BY OMONIYI IBIETAN
Desmond Mpilo Tutu, the ecclesiastical priest, who used the pulpit as a springboard for unequivocal expression of the philosophy of liberation theology, and helped to deliver serial, big and fatal punches onto the Apartheid policy, has passed in the wee hours of today, in Cape Town, South Africa at age 90. President Ramaphosa sounded the death knell hours ago.
The New York Times has described Tutu as the man “whose voice helped slay Apartheid”. The dw.com quoted the Nelson Mandela Foundation, characterising Tutu as “an extraordinary human being” and a key ally of late President Mandela.
A renowned iconography of the anti-Apartheid movement, Tutu received in 1984, the Nobel Peace Prize. The abcnews.com stated that Tutu was saluted by the Nobel Committee “for his clear views and his fearless stance, characteristics which had made him a unifying symbol for all African freedom fighters”.
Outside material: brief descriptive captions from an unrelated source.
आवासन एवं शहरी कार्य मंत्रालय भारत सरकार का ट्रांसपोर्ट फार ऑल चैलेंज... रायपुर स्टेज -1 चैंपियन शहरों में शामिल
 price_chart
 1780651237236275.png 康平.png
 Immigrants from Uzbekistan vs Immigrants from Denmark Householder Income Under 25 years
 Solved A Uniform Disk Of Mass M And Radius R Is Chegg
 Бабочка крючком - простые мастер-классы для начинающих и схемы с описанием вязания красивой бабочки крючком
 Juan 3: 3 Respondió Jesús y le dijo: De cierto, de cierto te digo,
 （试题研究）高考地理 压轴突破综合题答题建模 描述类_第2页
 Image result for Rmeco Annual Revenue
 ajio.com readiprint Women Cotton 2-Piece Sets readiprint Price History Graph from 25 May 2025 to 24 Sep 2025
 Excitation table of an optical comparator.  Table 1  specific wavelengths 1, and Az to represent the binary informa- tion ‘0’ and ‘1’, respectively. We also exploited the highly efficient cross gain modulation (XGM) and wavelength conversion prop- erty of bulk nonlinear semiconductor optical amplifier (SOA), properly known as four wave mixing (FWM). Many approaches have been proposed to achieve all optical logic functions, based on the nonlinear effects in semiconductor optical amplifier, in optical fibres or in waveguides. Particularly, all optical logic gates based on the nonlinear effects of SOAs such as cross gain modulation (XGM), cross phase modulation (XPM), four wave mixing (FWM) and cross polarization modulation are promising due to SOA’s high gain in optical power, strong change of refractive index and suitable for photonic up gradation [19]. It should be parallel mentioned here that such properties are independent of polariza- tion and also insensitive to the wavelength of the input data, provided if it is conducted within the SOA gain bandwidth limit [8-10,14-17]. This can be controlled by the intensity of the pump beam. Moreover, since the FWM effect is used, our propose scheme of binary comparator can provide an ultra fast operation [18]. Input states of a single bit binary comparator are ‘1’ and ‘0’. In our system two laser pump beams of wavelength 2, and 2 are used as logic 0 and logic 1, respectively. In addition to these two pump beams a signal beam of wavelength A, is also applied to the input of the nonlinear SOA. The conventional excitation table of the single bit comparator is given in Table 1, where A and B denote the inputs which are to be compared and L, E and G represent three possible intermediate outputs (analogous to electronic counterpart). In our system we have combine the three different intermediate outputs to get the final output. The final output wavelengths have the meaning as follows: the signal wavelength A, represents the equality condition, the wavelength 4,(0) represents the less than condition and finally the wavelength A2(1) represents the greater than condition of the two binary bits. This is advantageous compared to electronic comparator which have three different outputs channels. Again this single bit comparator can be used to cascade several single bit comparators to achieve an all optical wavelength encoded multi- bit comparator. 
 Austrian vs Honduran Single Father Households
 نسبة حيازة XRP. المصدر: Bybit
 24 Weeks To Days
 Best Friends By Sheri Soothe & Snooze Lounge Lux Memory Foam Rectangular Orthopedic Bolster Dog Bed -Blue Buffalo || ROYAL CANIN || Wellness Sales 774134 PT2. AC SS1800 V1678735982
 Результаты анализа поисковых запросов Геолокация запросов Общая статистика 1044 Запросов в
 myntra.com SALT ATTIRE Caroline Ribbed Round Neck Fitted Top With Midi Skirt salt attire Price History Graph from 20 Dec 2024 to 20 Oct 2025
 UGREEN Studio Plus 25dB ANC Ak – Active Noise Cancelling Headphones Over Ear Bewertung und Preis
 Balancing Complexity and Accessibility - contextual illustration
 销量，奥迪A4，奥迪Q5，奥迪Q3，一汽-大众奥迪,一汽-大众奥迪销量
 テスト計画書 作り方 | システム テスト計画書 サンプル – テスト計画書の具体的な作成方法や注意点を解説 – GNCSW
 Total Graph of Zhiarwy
Following the ascendancy of an equally iconographic Nelson Mandela as President of South Africa after the first multiparty, multiracial democratic election in 43 years, Mandela appointed Tutu to lead the Truth and Reconciliation Commission of South Africa. Tutu was believed to be the coiner of “Rainbow Nation”, a moniker for Republic of South Africa, used to describe the Republic’s post-Apartheid, relatively open and multiracial sociological stamp.
Ordained a priest in 1960, and having served the calling in Lesotho, Soweto, Johannesburg, among other places, the ecclesiastical phase of Tutu’s calling climaxed in 1986 when he was appointed the first black Archbishop of Cape Town.
Tutu’s transition, coming just a few weeks after the death of President FW de Klerk, “the last Apartheid-era President”, who consciously helped to open up the democratic space leading to the collapse of the official segregation policy, marks an astonishing denouement. President Ramaphosa captures the circumstance more perceptively and with introspection, when he lamented that Tutu’s passage signalled “another chapter of bereavement in our nation’s farewell to a generation of outstanding South Africans”.
The BBC cited President Ramaphosa, hailing Tutu as “an iconic spiritual leader, anti-Apartheid activist, global human rights campaigner, a patriot without equal, a leader of principle and pragmatism who gave meaning to the Biblical insight that faith without works is dead, a man of extraordinary intellect, integrity and invincibility against forces of Apartheid, yet so tender and vulnerable in his compassion for those who had suffered oppression, injustice and violence around the world”.
By my reckoning, Tutu’s life and times have been charitably and deservedly captured. He was a decidedly dedicated Christian patriot, statesman, a global thought leader with a rare ecumenical spirit in truth and indeed. He raised the banner of what it means to be human and to be a leader. I will personally miss him because he enriched the African civilisation.
May God, The Almighty, forgive his imperfections, rest his great soul and comfort his family as well as all those affected by his transition. May Africa rise again.